In this release, unfortunately not.

That't too bad, but it's not that urgent I suppose.

I had some idea early on of putting rand_page_cost in pg_tablespace and
having the planner have access to it for costing. I didn't actually get
around to it but. :-(

Well, I haven't looked at the PG source before, but if you have some specific
design ideas I would be glad to help out. I'm just not sure where (or when,
with the official release coming (sort of) soon) to start, but with some
pointers I'll do what I can!

-miker

Show quoted text

Gavin

On Mon, 28 Jun 2004, Mike Rylander wrote:

Now that PG will have tablespaces I can stick my really high I/O data on
a fiberchannel array, and save some money by putting the rest of it (also
the majority of it) on less expensive SCSI RAID sets. Will I also be
able to tune individual tablespaces with the likes of random_page_cost?
Sorry if I missed this somewhere...

TIA

--miker

---------------------------(end of broadcast)---------------------------
TIP 1: subscribe and unsubscribe commands go to majordomo@postgresql.org

!DSPAM:40e47cf853041767292179!

Gavin Sherry

swm@linuxworld.com.au

about 22 years ago

In reply to: Mike Rylander (#3)

Re: Quick question regarding tablespaces

On Thu, 1 Jul 2004, Mike Rylander wrote:

On Thursday 01 July 2004 06:43 pm, Gavin Sherry wrote:

Hi Mike,

In this release, unfortunately not.

That't too bad, but it's not that urgent I suppose.

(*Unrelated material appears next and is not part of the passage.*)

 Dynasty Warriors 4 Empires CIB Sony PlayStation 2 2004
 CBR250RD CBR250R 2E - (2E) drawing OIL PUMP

I had some idea early on of putting rand_page_cost in pg_tablespace and
having the planner have access to it for costing. I didn't actually get
around to it but. :-(

Well, I haven't looked at the PG source before, but if you have some specific
design ideas I would be glad to help out. I'm just not sure where (or when,
with the official release coming (sort of) soon) to start, but with some
pointers I'll do what I can!

Well, it wont be in 7.5. Feel free to start looking at how
random_page_cost in cost_index(). It might be worthwhile introducing a per
tablespace performance factor so that we could could say that the cost of
fetching an index tuple from tablespace A is half that of fetching an
index tuple from tablespace B. That idea might not actually turn out to be
a very good one once I look at it closely though.

Gavin

Scott Marlowe

smarlowe@qwest.net

about 22 years ago

In reply to: Gavin Sherry (#4)

Re: Quick question regarding tablespaces

On Thu, 2004-07-01 at 18:54, Gavin Sherry wrote:

On Thu, 1 Jul 2004, Mike Rylander wrote:

On Thursday 01 July 2004 06:43 pm, Gavin Sherry wrote:

Hi Mike,

In this release, unfortunately not.

That't too bad, but it's not that urgent I suppose.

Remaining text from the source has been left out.